Au regard de l’impasse actuelle dans la désignation des membres de la Ceni, principalement son Président, les participants à la matinée de réflexion de l’AETA, estiment que l’Assemblée nationale doit prendre ses prérogatives régaliennes en examinant la question à fond et en toute objectivité sur le plan légal et réglementaire, en vue d’une solution efficace, efficiente et durable. Il s’agirait, notamment de faire une analyse croisée des différents textes ayant servi d’outils de la désignation et de mettre en place de façon imminente la Ceni, afin que celle-ci procède à la réforme technico-opérationnelle et administrative de la centrale électorale ainsi qu’à la publication du calendrier électoral 2023.
Aux Acteurs clé du processus électoral de 2023, les participants à cette matinée de réflexion recommande de faire preuve de bonne foi en passant de la crise électorale à la prise de conscience de ladite crise; De s’engager collectivement à la reconstruction de la confiance au processus électoral et de la consolidation de la démocratie congolaise et enfin d’évaluer leurs attitudes, comportements et pratiques en faveur du respect du délai constitutionnel des élections.
Au niveau de la plate-forme AETA, cette structure s’engage à faire un plaidoyer auprès des acteurs clé du processus électoral visant à respecter l’obligation de l’organisation des élections légales et légitimes.
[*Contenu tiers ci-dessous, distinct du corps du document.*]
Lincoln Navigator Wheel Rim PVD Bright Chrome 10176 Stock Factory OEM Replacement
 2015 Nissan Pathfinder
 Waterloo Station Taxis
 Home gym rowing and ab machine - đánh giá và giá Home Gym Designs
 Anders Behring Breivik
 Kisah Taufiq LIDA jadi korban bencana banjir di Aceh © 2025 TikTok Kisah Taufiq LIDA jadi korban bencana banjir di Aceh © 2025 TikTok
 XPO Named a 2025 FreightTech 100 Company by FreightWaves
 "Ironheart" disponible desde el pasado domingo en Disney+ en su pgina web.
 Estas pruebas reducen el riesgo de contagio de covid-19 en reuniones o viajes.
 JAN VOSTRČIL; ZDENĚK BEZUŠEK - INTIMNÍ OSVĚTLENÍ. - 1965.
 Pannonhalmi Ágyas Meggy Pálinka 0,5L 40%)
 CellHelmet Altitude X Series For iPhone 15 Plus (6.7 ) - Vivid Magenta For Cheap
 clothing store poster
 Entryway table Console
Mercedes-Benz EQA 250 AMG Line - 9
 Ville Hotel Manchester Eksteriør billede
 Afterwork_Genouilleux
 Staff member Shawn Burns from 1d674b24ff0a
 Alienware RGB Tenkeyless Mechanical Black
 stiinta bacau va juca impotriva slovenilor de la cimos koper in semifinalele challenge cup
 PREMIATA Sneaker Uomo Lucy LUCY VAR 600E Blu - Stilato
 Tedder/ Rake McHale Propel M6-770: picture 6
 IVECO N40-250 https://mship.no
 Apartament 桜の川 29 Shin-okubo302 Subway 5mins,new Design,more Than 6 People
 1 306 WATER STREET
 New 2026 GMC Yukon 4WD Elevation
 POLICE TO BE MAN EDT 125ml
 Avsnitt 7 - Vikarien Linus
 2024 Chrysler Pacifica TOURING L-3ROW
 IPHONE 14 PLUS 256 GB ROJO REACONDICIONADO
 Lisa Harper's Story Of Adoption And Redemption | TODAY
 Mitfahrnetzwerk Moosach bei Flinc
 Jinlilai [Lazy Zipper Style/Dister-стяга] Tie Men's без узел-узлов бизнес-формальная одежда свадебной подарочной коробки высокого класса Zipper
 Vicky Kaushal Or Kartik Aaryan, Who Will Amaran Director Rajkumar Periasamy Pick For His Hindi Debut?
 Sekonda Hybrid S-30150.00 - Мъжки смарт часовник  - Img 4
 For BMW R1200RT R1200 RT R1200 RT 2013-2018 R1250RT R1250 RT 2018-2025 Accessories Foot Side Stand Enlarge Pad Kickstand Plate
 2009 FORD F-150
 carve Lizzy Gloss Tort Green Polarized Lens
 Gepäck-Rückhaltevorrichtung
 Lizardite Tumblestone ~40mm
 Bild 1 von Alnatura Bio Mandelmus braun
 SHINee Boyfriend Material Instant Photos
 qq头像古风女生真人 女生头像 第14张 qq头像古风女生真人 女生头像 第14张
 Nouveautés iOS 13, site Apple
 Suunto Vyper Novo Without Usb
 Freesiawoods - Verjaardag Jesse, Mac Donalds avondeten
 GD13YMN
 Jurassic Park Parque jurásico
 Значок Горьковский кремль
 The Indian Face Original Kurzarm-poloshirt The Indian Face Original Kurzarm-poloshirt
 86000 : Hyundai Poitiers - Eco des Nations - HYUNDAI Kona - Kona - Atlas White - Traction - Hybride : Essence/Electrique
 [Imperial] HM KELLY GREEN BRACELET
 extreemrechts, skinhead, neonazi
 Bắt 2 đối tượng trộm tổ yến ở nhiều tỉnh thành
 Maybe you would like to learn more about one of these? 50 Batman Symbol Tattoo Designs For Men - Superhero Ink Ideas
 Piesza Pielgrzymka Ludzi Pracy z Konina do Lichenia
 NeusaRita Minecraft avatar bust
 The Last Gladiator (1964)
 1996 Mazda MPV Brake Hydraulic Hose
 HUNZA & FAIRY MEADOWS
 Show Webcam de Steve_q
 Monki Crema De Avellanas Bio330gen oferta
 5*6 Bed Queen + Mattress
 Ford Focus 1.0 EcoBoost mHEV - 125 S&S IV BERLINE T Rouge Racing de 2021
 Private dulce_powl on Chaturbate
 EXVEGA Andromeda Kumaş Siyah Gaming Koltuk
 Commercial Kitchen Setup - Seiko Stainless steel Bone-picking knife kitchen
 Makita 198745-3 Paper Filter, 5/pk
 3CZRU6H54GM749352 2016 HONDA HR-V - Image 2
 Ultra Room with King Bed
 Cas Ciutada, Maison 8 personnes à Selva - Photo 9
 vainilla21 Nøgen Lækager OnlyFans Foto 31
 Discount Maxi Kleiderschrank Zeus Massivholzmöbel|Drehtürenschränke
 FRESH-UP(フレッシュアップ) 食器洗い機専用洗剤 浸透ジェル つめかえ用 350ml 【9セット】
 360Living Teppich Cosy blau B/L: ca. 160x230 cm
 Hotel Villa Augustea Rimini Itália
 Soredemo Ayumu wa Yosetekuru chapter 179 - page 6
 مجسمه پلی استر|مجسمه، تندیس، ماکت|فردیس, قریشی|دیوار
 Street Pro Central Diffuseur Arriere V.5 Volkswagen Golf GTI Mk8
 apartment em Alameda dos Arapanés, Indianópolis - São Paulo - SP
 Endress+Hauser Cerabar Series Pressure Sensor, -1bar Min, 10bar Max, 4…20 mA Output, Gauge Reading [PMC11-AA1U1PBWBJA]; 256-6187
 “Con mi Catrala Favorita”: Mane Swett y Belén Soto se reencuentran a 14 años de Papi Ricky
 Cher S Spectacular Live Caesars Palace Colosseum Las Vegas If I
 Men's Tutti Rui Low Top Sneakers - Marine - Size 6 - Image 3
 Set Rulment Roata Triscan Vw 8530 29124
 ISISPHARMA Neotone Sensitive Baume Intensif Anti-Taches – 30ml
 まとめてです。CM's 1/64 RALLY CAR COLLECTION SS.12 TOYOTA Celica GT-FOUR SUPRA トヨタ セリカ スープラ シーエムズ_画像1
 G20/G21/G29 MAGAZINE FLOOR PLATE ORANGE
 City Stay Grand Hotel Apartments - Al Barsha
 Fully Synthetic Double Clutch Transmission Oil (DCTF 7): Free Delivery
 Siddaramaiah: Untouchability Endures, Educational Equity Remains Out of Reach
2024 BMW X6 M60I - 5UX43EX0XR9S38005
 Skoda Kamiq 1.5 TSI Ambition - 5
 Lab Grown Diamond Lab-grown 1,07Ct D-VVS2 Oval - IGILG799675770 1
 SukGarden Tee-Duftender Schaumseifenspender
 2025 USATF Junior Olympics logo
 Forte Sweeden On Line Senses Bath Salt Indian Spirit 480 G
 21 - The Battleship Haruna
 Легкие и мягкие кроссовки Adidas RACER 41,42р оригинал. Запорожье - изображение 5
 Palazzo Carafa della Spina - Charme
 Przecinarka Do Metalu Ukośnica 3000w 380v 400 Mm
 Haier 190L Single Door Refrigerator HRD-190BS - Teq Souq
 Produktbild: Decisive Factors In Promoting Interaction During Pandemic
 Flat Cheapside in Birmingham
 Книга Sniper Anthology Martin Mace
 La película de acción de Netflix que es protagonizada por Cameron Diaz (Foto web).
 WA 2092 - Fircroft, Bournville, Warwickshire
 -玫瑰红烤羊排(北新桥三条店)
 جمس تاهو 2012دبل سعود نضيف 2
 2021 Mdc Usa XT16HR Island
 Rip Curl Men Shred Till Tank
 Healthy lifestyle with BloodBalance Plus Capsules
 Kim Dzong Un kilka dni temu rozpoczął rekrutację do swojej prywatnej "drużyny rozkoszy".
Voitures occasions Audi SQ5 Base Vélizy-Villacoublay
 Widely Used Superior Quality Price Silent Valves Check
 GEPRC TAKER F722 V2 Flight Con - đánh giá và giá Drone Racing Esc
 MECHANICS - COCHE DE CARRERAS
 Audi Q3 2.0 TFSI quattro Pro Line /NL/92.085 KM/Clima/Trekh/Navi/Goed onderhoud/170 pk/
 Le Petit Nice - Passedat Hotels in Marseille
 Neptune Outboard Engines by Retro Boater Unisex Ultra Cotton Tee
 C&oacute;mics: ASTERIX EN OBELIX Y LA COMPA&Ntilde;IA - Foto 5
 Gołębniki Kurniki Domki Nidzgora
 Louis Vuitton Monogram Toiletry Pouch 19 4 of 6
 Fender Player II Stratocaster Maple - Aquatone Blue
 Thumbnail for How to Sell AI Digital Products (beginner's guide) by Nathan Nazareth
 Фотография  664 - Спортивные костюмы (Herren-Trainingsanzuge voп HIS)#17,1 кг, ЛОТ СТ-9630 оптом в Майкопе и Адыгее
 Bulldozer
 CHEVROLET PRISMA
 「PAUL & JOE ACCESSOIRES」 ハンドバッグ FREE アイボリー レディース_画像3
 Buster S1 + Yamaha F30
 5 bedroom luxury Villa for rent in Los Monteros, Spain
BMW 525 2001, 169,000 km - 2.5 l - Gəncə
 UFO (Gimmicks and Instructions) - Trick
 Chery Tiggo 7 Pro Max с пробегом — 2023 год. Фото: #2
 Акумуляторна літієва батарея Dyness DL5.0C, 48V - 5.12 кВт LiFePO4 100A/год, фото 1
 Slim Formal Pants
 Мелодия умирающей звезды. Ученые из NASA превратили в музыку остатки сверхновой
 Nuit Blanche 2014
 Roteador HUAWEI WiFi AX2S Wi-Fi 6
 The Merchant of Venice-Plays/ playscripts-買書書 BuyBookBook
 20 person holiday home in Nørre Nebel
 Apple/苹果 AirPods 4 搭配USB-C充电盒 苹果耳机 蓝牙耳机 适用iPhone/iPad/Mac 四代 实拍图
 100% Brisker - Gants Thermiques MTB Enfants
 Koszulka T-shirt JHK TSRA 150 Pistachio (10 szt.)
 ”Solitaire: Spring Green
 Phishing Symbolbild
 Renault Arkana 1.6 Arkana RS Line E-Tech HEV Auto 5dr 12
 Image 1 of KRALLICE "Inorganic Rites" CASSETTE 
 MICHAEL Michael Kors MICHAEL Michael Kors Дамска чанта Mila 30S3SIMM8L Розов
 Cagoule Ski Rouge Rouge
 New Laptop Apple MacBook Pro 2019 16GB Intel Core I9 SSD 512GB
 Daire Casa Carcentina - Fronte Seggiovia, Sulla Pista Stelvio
D’enclencher une campagne d’éveil et de mobilisation de la population pour la tenue des élections de qualité dans le délai constitutionnel et de mettre en place un groupe stratégique d’experts appelé à réfléchir en profondeur sur les défis majeurs politiques, sociaux, légaux, technico-opérationnels et administratifs des élections de 2023 aux fins de proposer des pistes idoines de sortie de la crise électorale.